Yine Mehmet Uçum’un “değiştirilemez ve değiştirilmesi teklif dahi edilemez maddelerin kurucu ataların bir tavsiyesi olduğu” iddiası, bir yanılma ve yanıltmanın formülüdür. Türkiye’nin idarî mevzuatında kurucu atalar yoktur; kurucu ata diye yalnız bir kişinin, bir siyâsî parti genel başkanının tayin ediciliğine vurgu yapılmaktadır. İlginçtir, bu vurguyu en yüksek sesle yapanlar, darbeciler olmuştur. Anayasa metnine “değiştirilemez ve değiştirilmesi teklif dahi edilemez” maddelerinin eklenmesi, bunun dikkat çeken örneğidir. 

Konunun hepsi bundan ibaret değildir.

Bir siyâsî parti genel başkanının ilkelerine ve onun adına düzenlenmiş milliyetçiliğe yer veren bir anayasa, o şahıs ve o parti için ideal bir anayasa olabilir. Ancak böyle bir anayasanın bütün ülkeyi ve bütün halkı kapsamaktan aciz olduğu açıktır. Bu yüzden anayasaları bir şahıs ve bir parti ile ve o partinin icraatlarına dokunulmazlık kazandıran metinlerle sınırlandıran anayasalar, halk iradesinin ve düşünce özgürlüğünün önünde önemli bir engel durumundadırlar. Bütün bunları değiştirmeyi hedeflemeyen anayasa değişikliği girişimleri beyhudedir.
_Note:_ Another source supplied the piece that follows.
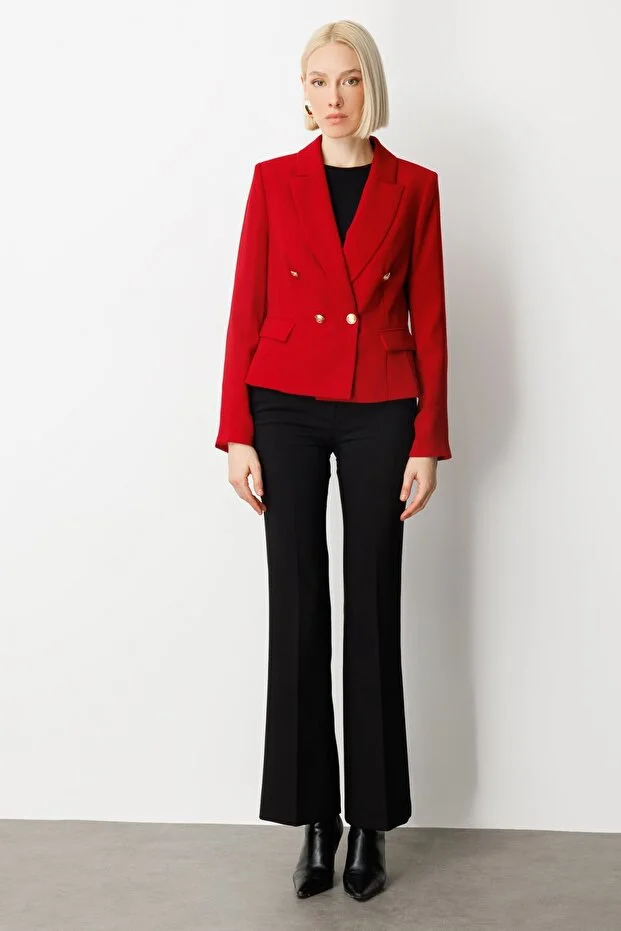 EKOL Kruvaze Yaka Vatkalı Ceket  5201 - KIRMIZI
Padişahlık varken ülke kayıtsız şartsız padişahın mülkü bilinir, bu yüzden adına “memalik-i şahane” denilirdi. Günümüzde bu memalik-i şahanenin yerini memalik-i Kameliye almış bulunmaktadır. Başta anayasa olmak üzere bütün idarî mevzuat, yalnızca bir kişinin yaptıklarına göre düzenlemektedir. Üstelik bu düzenlemeleri kalıcı hâle getirmek için hayâlî bir “ülke kuruculuğu” unvanı icat edilmiştir.

Türkiye’de anayasa değişikliği TBMM’de dört yüz üyenin “Evet” oyu ile mümkündür. Aksi hâlde 360 üyenin “Evet” oyu ile halkoyuna götürülerek yapılabilmektedir. Anayasayı değiştirmeye hevesli görünen Cumhur İttifakı’nın TBMM’de 360 üyesi yoktur. Dolayısıyla anayasa değişikliği isteyen kesimin bir anayasa değişikliği yapması mümkün değildir. Bundan dolayı boşuna heyecanlanmak, akıl yürütmek ve nihayetinde bir değişiklik beklemek beyhudedir. Bu hâliyle anayasa “değiştirilemez ve değiştirilmesi teklif dahi edilemez” durumdadır.